Register MCP servers for any supported agent through a unified API. All adapters use user-scope configuration so registrations persist across the agent's execute/stream calls.
from agent_shell.shell import AgentShell
from agent_shell.models.agent import AgentType, MCPServerSpec, MCPServerType
shell = AgentShell(agent_type=AgentType.CLAUDE_CODE)

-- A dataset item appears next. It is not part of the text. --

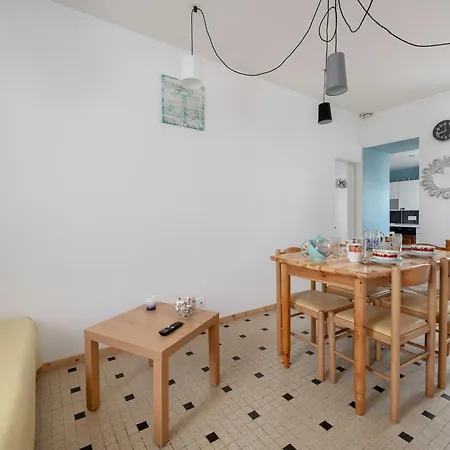 Holiday home Maison Pour 5 A 350m De La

# Register a stdio MCP server (e.g. forgetful) before running an eval
await shell.add_mcp_server(MCPServerSpec(
name="forgetful",
type=MCPServerType.STDIO,
command="uvx",
args=["forgetful-ai"],
env={"FORGETFUL_API_KEY": "..."},
))
response = await shell.execute(
cwd="/path/to/project",
prompt="Recall any prior decisions about the auth module",
)
# Optional cleanup
await shell.remove_mcp_server("forgetful")For HTTP transport, pass url and headers instead of command/args/env:
await shell.add_mcp_server(MCPServerSpec(
name="remote",
type=MCPServerType.HTTP,
url="https://example.com/mcp",
headers={"Authorization": "Bearer ..."},
))add_mcp_server overwrites an existing server with the same name. remove_mcp_server warns rather than raises when the named server is not found. list_mcp_servers() works for OpenCode and Copilot CLI; for Claude Code it currently raises NotImplementedError.
Agent Shell uses Python's standard logging module. Configure the agent_shell logger to capture tool calls, session IDs, costs, and errors:
import logging
logging.getLogger("agent_shell").setLevel(logging.INFO)
logging.getLogger("agent_shell").addHandler(logging.StreamHandler())Set to DEBUG for raw JSON events and full command arguments.